Cose dette mille volte, è vero. E però ha un preciso significato critico verso la gestione di Letta questo richiamo alla vocazione maggioritaria, alla «grande tenda» dei riformisti, nell’ambito peraltro di una generale perplessità (eufemismo) sulle proposte avanzate dal segretario in questi mesi, proposte che infatti non hanno fatto nessun passo avanti, dal voto ai sedicenni allo ius soli alla dote per i giovani effetto di un aumento della tassazione sulla successione.

È senz’altro casuale che il documento di Base riformista sia uscito il giorno dopo l’iniziativa milanese de Linkiesta (ignorata dai grandi giornali) nella quale si è fatto un passo avanti per mettere a fuoco il rapporto fra Pd e riformisti liberal-democratici, e che ha avuto soprattutto il merito di chiarire il concetto di «gerarchie delle alleanze» formulato da Giorgio Gori: si tratta di costruire una federazione fra Pd e le varie forze riformiste come asse di un nuovo centrosinistra che successivamente si può alleare con un Movimento 5 stelle contiano i cui lineamenti però finora sono a dire poco sfuggenti.

È un modo per uscire dal dilemma M5s sì-M5s no e che sistematizza la questione delle alleanze, mettendo in fila i passaggi: federazione con i riformisti, poi alleanza elettorale, se sarà possibile, con i grillini.

Mentre Base riformista, che insiste sul ruolo soggettivo del partito, appare scettica sia sul fronte dei grillini che su quello di «un cosiddetto centro – ben lontano da quello degli anni Novanta – che oggi appare come un campo popolato da piccoli partiti personali, autoreferenziali e soprattutto concentrati sul proprio potere di interdizione». Un giudizio un po’ duro che non si capisce tra l’altro come possa sposarsi con l’entusiasmo dimostrato da Andrea Marcucci (anch’egli di Br) a proposito dell’iniziativa di sabato. 

In ogni caso, seppure in modo defatigante, il dibattito in casa Pd si è riaperto dopo un lockdown durato molto a lungo, e ovviamente anche a causa della situazione oggettiva del Paese.
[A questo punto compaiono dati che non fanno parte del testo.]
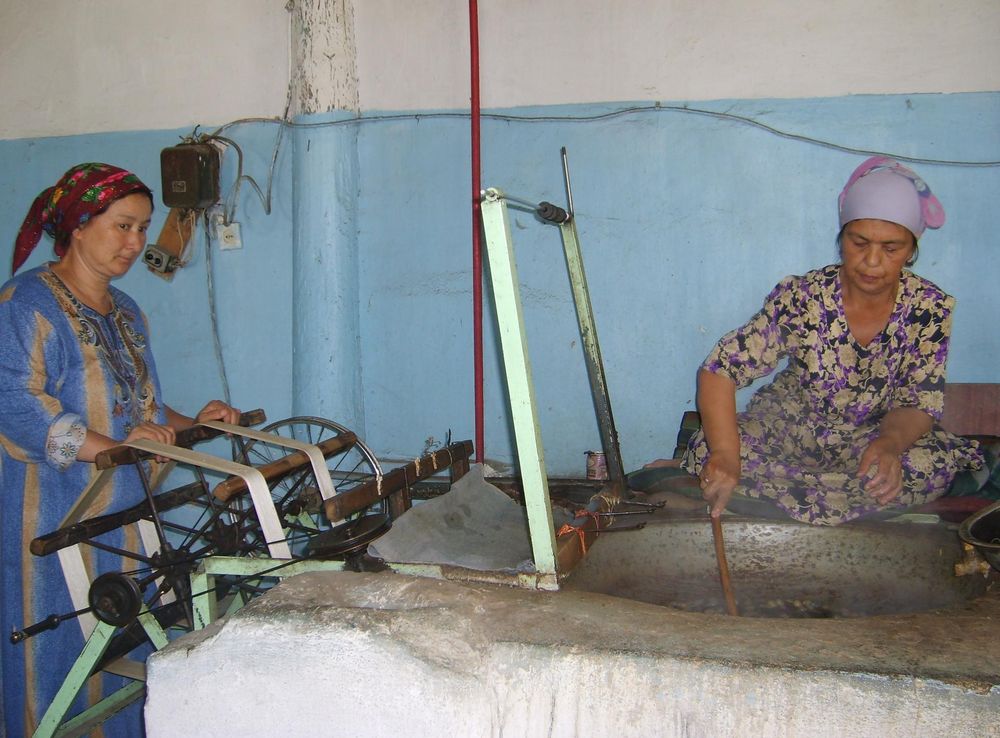 ਤਸਵੀਰ:Margilan silk production1.JPG - ਵਿਕੀਪੀਡੀਆ, ਇਕ ਅਜ਼ਾਦ ਵਿਸ਼ਵਗਿਆਨਕੋਸ਼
Persino nella maggioranza del partito, da Luigi Zanda a Matteo Ricci, si evocano ipotesi federative che danno il senso di volersi liberare da una sorta di asfissia per una dinamica senza sbocchi. Ed è in situazioni in movimento come queste che basta un’elezione perduta per dare l’ennesimo colpo di frusta a un partito che non trova pace.

Tutto insomma sembra nelle mani di Roberto Gualtieri, ora rinfrancato per la scelta della destra di puntare su una specie di predicatore radiofonico che si chiama Enrico Michetti, meloniano, la cui debolezza è dimostrata dall’aver voluto affiancargli una vice anch’essa estranea alla politica, Simonetta Matone, ed è noto che due debolezze non fanno una forza. Già, tocca a San Gualtieri salvare il Nazareno ma nessuno accetta scommesse.